The Firearms safety Council of Aotearoa New Zealand (FSCANZ) is urging hunters to take care out there!.
“Hunters need to be very mindful that it’s better to have no meat than no mate” said Joe Green, Interim Chair of the FSCANZ.
Stags are just starting to moan as hunters head into the most exciting, and most risky time of big game hunting.
“There are some very basic things hunters can do to minimise the risk to themselves and their mates”,
Mr Green said.
Always, but always identify your target beyond all doubt.
If you are hunting with someone else and separate, cease hunting and do not start hunting again until you have made and confirmed contact. “Unload your rifle and put it on your shoulder till this is done” Mr Green advised. In these circumstances, even if you think you see a deer, you cannot hunt.
And always ensure that your rifle is loaded only when ready to fire, and unload when done. Firearms loaded when they shouldn’t be is a cause of incidents.

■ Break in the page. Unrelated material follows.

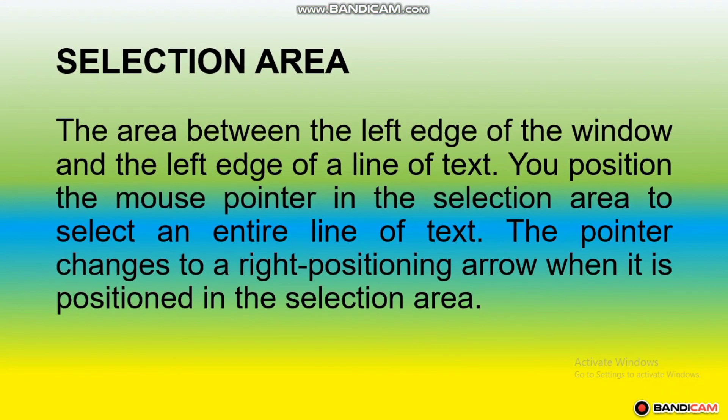Selection area. The area between the left edge of the window and the left edge of a line of text. You position the mouse pointer in the selection area to select an entire line of text. The pointer changes to a right-pointing arrow when it is positioned in the selection area.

New Zealand has some excellent information about hunting incidents.
A data snapshot including ACC, Coroner’s and Police data has just been released.
“To hunt and return” (2003) looked at data, and behaviours. It sourced the statements of shooters.
The DVD “on target” was produced soon after. It highlighted the causal factors in hunting incidents. The Warehouse helped distribute this.
NZ Deer Stalkers Association train hundreds each year on their iconic hunts courses.
Research is currently being done as to what goes on in a hunter’s head.
“We have a good idea about what happens when one hunter shoots another”, Mr Green said, “but it comes down to the basics – follow the Arms Code!”